The Vilna Gaon appointed Harav Aryeh Leib Meites to be the representative in the debate that the monarch ordered in the wake of the Karaites’ inflammatory claim. As Rav Meites entered the chamber alongside the three Karaite scholars who came to debate with him, the king — who was to serve as judge over the debate — was astonished to see the Jews’ representative carrying his shoes under his arms instead of wearing them on his feet.
“What is the meaning of this?,” the king demanded.
“Your Majesty,” Rav Meites responded, “When Moses was bidden to approach the burning bush for an intimate encounter with the Divine Presence, he was ordered by the Heavenly voice to remove his shoes. By Jewish law, to enter the holy Temple one had to remove his shoes. And on our holiest day of the year, the Day of Atonement, we do not wear shoes. You see, Your Majesty, for us Jews, removing one’s shoes is a sign of deep respect.”
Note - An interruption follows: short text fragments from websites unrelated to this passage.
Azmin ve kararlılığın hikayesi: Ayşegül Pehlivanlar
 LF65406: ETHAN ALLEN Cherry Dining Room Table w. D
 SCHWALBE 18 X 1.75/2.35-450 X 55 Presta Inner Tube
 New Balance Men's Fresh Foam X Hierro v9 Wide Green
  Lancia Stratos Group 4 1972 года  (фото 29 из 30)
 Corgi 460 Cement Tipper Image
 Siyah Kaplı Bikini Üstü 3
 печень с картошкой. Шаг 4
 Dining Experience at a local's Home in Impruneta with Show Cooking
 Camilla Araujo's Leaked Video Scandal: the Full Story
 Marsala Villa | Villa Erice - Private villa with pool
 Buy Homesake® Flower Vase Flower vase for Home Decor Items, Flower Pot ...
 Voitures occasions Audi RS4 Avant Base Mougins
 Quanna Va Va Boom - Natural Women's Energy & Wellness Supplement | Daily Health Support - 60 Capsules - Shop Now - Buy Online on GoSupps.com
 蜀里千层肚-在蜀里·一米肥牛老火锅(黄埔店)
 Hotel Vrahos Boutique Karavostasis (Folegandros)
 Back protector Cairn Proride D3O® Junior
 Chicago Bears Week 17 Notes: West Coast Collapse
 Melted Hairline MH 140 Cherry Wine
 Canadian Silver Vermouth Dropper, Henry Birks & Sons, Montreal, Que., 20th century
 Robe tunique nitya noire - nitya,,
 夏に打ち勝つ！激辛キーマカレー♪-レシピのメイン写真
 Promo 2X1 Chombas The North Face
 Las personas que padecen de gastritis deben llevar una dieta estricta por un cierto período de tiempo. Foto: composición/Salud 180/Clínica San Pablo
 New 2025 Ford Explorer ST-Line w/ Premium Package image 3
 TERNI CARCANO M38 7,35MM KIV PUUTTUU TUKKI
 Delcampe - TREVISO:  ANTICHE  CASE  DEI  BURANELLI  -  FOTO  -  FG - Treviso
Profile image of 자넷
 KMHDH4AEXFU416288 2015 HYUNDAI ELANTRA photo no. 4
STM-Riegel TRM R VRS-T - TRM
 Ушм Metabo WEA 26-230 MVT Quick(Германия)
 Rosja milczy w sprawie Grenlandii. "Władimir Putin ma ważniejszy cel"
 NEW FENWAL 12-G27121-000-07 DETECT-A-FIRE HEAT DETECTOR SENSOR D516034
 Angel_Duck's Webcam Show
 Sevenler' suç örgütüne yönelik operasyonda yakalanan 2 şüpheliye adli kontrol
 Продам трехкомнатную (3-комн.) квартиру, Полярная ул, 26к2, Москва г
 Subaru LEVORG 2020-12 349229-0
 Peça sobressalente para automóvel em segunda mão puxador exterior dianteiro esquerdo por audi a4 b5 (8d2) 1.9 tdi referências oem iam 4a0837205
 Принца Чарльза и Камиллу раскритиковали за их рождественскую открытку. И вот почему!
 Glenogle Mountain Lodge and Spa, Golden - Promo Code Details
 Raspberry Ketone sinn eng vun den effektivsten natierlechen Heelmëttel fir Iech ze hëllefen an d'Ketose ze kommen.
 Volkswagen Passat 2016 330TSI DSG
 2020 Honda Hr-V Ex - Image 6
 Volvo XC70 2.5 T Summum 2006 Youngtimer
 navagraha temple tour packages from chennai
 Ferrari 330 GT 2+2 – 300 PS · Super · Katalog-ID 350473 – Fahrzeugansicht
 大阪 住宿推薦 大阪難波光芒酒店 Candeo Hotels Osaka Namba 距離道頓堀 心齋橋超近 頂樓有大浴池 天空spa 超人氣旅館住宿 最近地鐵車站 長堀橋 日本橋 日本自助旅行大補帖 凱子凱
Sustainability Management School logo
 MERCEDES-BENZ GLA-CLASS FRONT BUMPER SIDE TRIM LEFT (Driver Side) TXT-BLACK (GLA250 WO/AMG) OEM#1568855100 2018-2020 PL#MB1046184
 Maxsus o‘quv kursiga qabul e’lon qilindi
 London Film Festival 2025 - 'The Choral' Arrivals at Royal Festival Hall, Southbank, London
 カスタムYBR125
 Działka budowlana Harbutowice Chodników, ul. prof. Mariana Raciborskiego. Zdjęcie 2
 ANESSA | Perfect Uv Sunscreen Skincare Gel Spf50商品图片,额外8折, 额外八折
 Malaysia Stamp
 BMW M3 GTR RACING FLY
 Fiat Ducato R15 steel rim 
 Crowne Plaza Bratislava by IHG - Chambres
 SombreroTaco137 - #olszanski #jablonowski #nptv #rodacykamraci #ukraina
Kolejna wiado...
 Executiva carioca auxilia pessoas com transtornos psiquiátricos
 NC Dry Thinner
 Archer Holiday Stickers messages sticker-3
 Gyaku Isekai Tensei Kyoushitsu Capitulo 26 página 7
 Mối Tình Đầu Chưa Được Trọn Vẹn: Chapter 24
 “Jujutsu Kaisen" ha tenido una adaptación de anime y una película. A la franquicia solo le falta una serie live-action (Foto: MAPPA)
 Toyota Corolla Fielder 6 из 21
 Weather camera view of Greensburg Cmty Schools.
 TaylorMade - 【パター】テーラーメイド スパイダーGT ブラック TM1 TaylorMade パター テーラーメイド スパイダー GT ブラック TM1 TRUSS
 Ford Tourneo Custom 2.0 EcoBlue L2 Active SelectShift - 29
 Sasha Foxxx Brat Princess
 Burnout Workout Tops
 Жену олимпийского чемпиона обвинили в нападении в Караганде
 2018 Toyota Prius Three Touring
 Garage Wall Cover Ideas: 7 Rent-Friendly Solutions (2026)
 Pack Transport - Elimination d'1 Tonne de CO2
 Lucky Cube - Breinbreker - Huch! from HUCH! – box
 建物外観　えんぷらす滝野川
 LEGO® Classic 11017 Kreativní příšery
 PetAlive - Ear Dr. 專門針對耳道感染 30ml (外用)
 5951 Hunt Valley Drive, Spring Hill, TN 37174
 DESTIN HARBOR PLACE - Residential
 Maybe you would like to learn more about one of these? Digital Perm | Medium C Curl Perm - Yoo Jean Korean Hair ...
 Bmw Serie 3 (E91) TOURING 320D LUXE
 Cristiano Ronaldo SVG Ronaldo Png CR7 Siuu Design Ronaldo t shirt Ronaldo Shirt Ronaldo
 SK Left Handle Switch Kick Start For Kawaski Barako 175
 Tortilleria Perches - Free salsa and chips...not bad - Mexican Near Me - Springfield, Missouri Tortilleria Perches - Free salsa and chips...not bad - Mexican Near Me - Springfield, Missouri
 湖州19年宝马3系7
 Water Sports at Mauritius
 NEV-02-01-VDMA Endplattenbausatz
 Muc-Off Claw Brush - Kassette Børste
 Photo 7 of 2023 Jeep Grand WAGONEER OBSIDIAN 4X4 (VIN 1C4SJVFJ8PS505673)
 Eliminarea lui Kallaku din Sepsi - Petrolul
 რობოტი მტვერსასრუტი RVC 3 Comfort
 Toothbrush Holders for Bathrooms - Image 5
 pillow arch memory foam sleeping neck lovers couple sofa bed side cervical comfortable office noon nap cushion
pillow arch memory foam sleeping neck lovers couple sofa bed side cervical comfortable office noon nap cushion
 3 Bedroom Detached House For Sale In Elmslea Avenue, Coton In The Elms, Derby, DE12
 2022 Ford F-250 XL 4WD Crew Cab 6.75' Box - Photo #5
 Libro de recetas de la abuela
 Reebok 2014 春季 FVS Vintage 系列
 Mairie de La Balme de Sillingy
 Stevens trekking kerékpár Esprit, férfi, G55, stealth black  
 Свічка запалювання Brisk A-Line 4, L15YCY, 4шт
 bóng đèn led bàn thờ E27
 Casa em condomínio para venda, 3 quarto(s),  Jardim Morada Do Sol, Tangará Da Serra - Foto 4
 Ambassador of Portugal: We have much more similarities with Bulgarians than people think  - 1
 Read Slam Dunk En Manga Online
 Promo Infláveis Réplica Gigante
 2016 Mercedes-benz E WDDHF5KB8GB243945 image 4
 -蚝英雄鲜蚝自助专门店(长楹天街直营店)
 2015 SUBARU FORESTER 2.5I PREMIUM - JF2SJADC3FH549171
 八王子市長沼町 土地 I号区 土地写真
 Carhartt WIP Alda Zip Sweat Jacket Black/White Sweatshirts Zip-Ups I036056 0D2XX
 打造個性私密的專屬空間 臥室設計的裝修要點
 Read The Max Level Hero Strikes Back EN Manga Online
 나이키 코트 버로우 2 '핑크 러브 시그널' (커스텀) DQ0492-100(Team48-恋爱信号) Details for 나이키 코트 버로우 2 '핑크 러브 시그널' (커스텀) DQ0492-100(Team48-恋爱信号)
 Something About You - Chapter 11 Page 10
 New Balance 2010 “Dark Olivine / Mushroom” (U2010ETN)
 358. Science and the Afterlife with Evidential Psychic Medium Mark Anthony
Greatly flattered, the king nevertheless persisted, “But why do you carry your shoes under your arm? Why did you not leave them in the outer room?”
To that, Rav Meites responded, “That, Your Majesty, is a lesson that we also learned from our prophet, Moses. You see, when Moses finished speaking with the Al-mighty at the burning bush and turned around to put his shoes back on, he discovered that his shoes had been stolen by the Karaites. So from Moses we Jews have learned that if one removes one’s shoes in the presence of Karaites, one must make sure to hold on to them so that the Karaites are not given an opportunity to steal them.”
Incensed and insulted to the core, the Karaite scholars screamed, “Why, you slanderer, you! What a base and unjustified smear! How could you even dare to claim such a thing when you know very well that the Karaites did not even exist in the time of Moses! Why, everyone knows that the Karaite religion began with Anan only 1,000 years ago!”
As the “mouth of the wicked tripped them up,” Rav Meites broke out into a great smile of relief, realizing that he had, with Hashem’s help, succeeded in winning the debate before it even began. The king, as well, could not contain his smile. And the Karaites wallowed in their deep shame.
In all likelihood, both the Karaites and the would-be kidnapper blamed their downfall on those who apparently thwarted their plans. Being able to look at it objectively, though, we know that such thoughts are nothing but folly. They have only themselves to blame.
Of course, none of us are kidnappers or heretics bent on destroying the Jewish People, but we still may have something to learn from them. Inevitably we come up against situations — whether in the personal, financial or social realms — where we may feel thwarted and tripped up. Sometimes we are not to blame. But sometimes we are. And it never hurts, particularly when things seem to be backfiring, to take a step back and ask ourselves: Are we the ones tripping ourselves up? Might we benefit from a change in course? After all, when we one day read the story of our lives, we don’t want to find ourselves laughing in bitter irony, do we?